Federal parks officials held a formal event Tuesday establishing a new national park named after abolitionist Harriet Tubman in upstate New York, reports NBC News.
From NBC News:
Members of the state’s congressional delegation joined U.S. Interior Secretary Sally Jewell in Washington, D.C., for the official signing ceremony Tuesday that makes the [Harriet Tubman National Historical Park] part of the National Park Service system. It encompasses the site of Tubman’s old home on the outskirts of Auburn, about 25 miles west of Syracuse, and a nearby church where she worshipped.
The New York park will focus on Tubman’s work later on in her life when she was an active proponent of women’s suffrage and other causes.

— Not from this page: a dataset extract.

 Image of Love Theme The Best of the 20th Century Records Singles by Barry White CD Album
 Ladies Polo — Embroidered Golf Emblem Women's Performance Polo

It will be a sister park to the Harriet Tubman Underground Railroad National Historical Park in Maryland.
“These two parks preserve and showcase a more complete history of one of America’s pivotal humanitarians who, at great personal risk, did so much to secure the freedom of hundreds of formerly enslaved people,” Secretary Jewell said. “Her selfless commitment to a more perfect union is testament that one determined person, no matter her station in life or the odds against her, can make a tremendous difference.”
The designation of the Auburn site as a national park comes after a long-running legislative effort, which began in 2000 with a law allowing for a study on how to best preserve the Underground Railroad hero’s legacy, reports USA Today.